Protein kinase D1 (PRKD1) is thought to play a role in a number of cellular functions, including proliferation and differentiation. We hypothesized that PRKD1 in bone marrow-derived mesenchymal stem cells (BMMSC) could modulate osteogenesis. In BMMSCs from floxed PRKD1 mice, PRKD1 ablation with adenovirus-mediated Cre-recombinase expression inhibited BMMSC differentiation in vitro. In 3- and 6-month-old conditional knockout mice (cKO), in which PRKD1 was ablated in osteoprogenitor cells by osterix promoter-driven Cre-recombinase, bone mineral density (BMD) was significantly reduced compared with floxed control littermates.
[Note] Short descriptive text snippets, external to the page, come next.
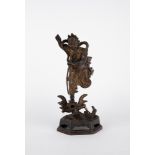 A gilt bronze deity. China, 17th c.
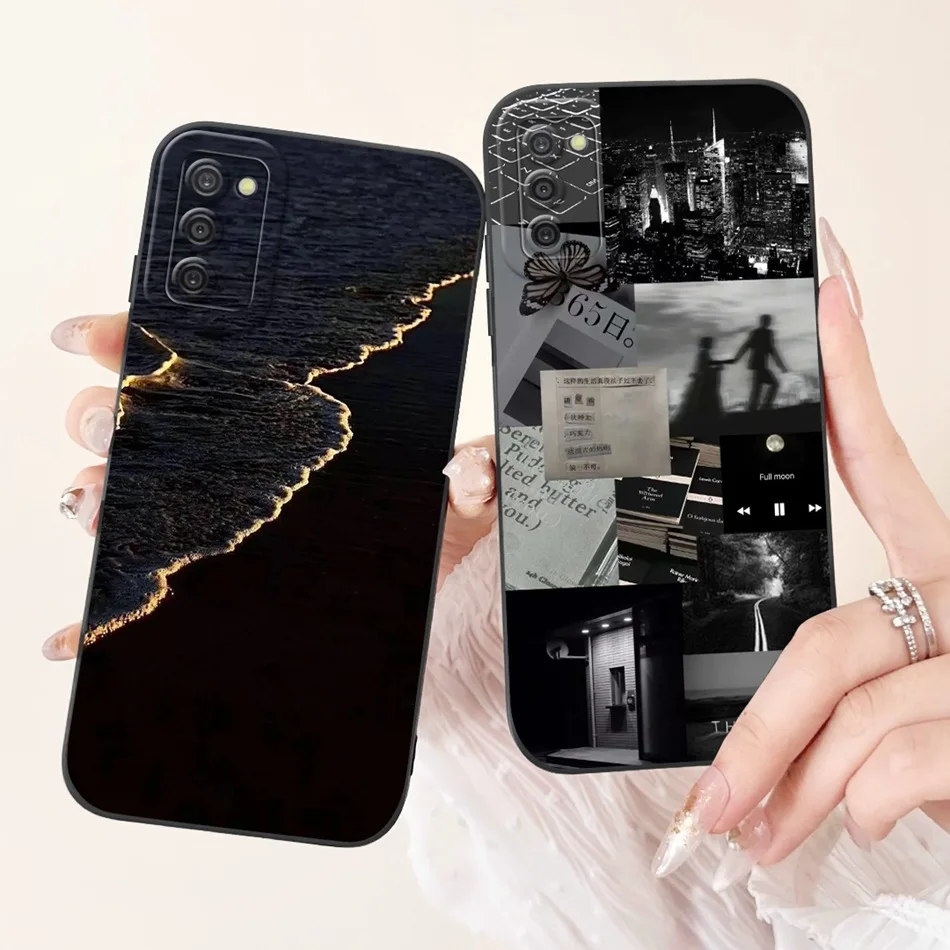 Элегантный мягкий силиконовый чехол с принтом для Samsung Galaxy A03S A02S A03s защитные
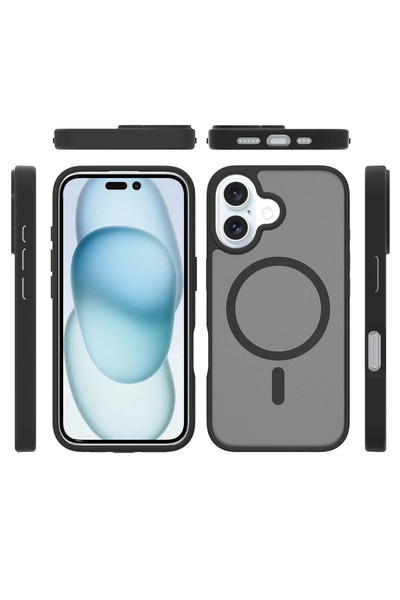 Joko غطاء SEPETIM لهاتف آيفون 16 بلس بتقنية ماج سيف - أسود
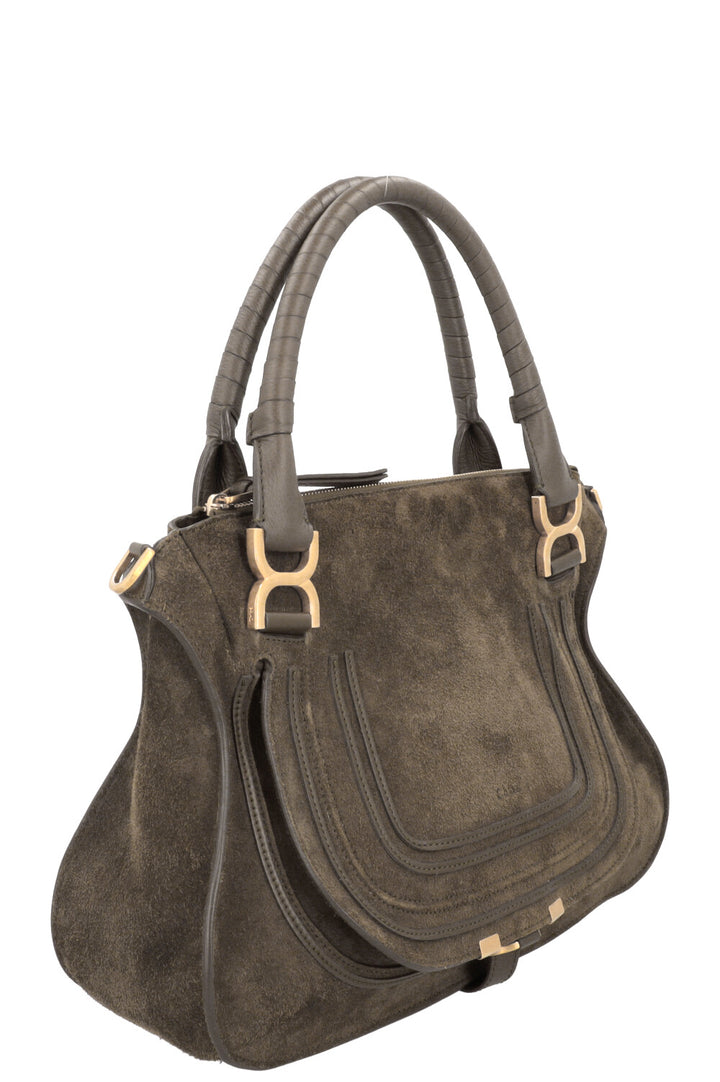 CHLOÉ Marcie Bag Suede Olive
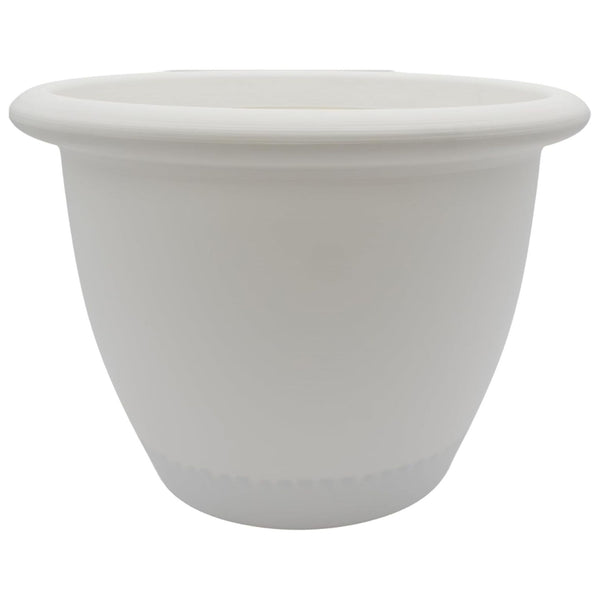 The HC Companies Sevilla Self-Watering Pot with Internal Disk, 14 Inch, White
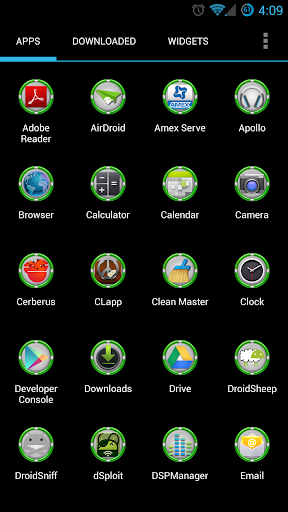 Green Neon Apex Icon Pack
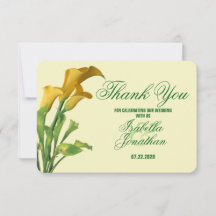 Cartões de agradecimentos de Casamento Charming Ca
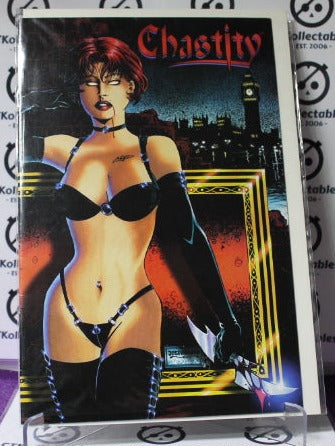 CHASTITY # 1  THEATRE 0F PAIN VARIANT WRAP AROUND COVER CHAOS COMICS VF COMIC BOOK 1997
Microcomputed tomography analysis also demonstrated a decrease in trabecular thickness and bone volume fraction in cKO mice at these ages. Dynamic bone histomorphometry suggested a mineralization defect in the cKO mice. However, by 9 months of age, the bone appeared to compensate for the lack of PRKD1, and BMD was not different. Taken together, these results suggest a potentially important role for PRKD1 in bone formation.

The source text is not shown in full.